Not exactly the way its working out, nor is it the way I should have expected it to work out. This is a sloooooow building business. Even my extremely conservative dad thought it would be a year before I started seeing some money (and with out his encouragement I would have given up, defeated!). There are two levels: forging, re-establishing or maintaining relationships with exisiting consulting firms who are always looking to put teams together. That’s the long term stuff–from RFP issue to actual invoiced and paid work could be well more than 6 months at light speed.
During August, I will be meeting as many transit operators and smaller agencies as I can who might have projects that don’t need to be bid, but can be done quickly with a single consultant–writing, marketing plans, training, strategic plans, newsletters–I rock at stuff like that, and enjoy it too (see my web site list of capabilities for my menu of services, maybe one fits a need, or triggers an idea?)
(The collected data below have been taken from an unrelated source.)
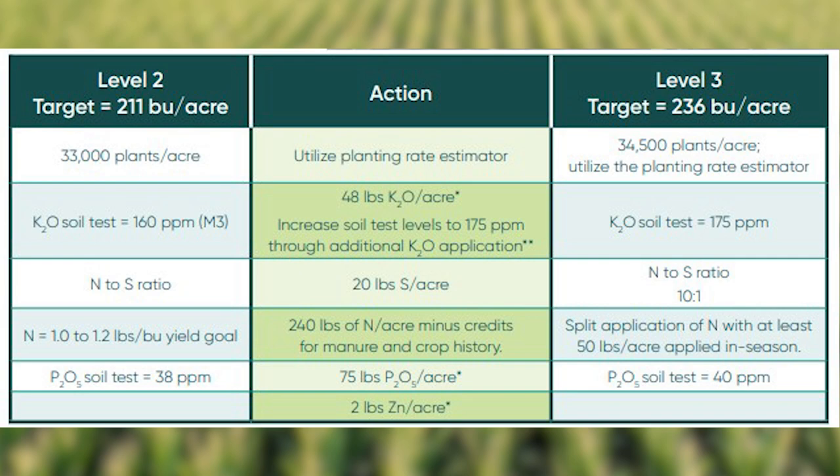This field has a history of about 215 to 220 bushels per acre, putting it at about level 2 on the Pioneer Yield Pyramid for the northern glacial GEM Zone.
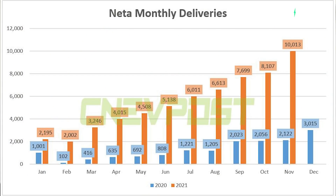Neta officially started selling vehicles around about the start of the year, and their sales have been incredibly impressive for a startup. In February they sold 2,000 electric cars. In March, 3,200. In April, 4,000. In May, 4,500. In June, 5,100. In July, 6,000. In August, 6,600. In September, 7,700. In October, 8,100. And in November, they sold 10,000 — which is an increase of 372% versus their sales last year when they first officially started as a company. As you can see, this is a brand to be taken seriously.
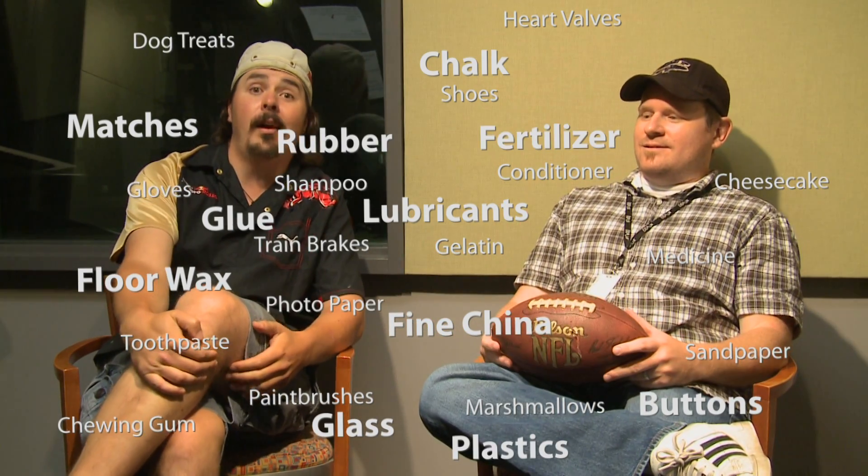Well, if I had to go off the top of my head... It's a well-known fact that a lot of non-food items come from pigs. A few of them happen to be crayons, cement, insulation, cellophane, chalk, buttons, glass, wax, fine china, lubricants, plastics, rubber, fertilizer, and cosmetics.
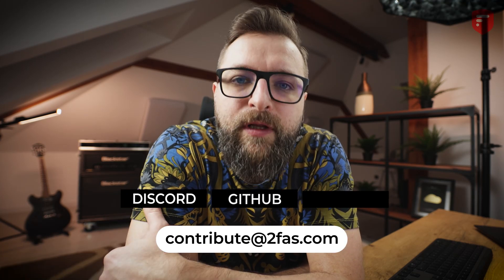And if you help us, we will gladly credit you on our website, app, and all social media. And remember, together we can create a better and more secure online world.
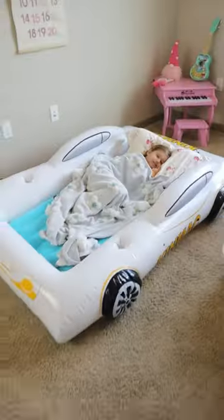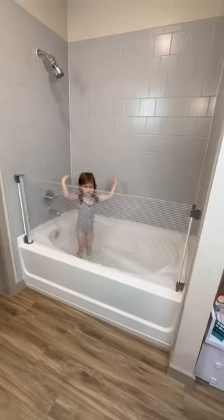This inflatable toddler bed is perfect for traveling or camping, and this splash guard secures to your shower tiles and lets your kids splash around as much as they want without making a mess.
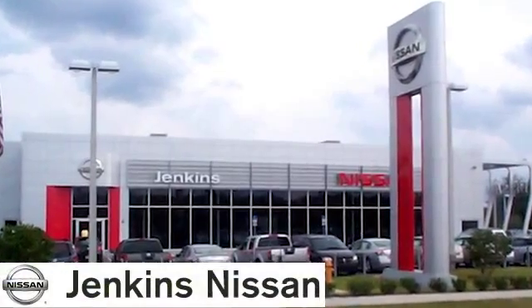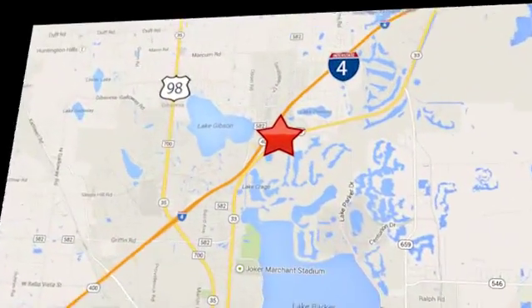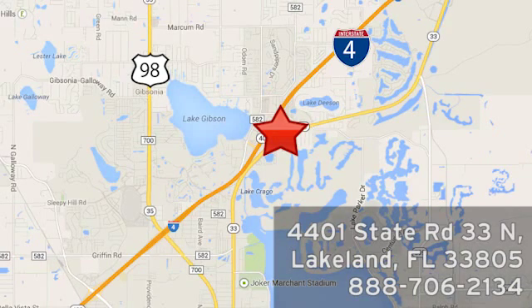At Jenkins Nissan, honesty is our policy. We're conveniently located at 4401 State Route 33 North in Lakeland, Florida.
After investing about 2/3 of my life savings into this and working with some great designers to hopefully give off a professional image–when I’m not tripping myself up with misspelled URLs and typos on business cards–I am finally in building and sales mode. What I enjoy most about all of this work is that it is truly based on relationships–with clients, with team members, with consulting firms, transportation organizations. What I have learned, a bit the hard way, though, are the two tenets of consulting: assume nothing and trust no one. But if I can build a career and still get stabbed in the back for lack of trust in my partners, I’d rather be in that space. The assume nothing stands–you barely ever know why you don’t win a contract, even if you get a debrief, so you do your best work in the proposal and keep your fingers crossed, pray, meditate, or whatever floats your boat.
I know this isn’t exactly on the top of your blog list, but I would be most grateful for other independent consultants to share any advice, horror stories and, even better, happy endings here on the blog. Perhaps many would benefit from your experience. Once I get some of my own, I’ll be happy to share that, too!
Anyone going to the APTA transit coordination meeting in Providence August 4-6? I would like to meet the two or three people who are reading my blog. I’ll even buy you a beer.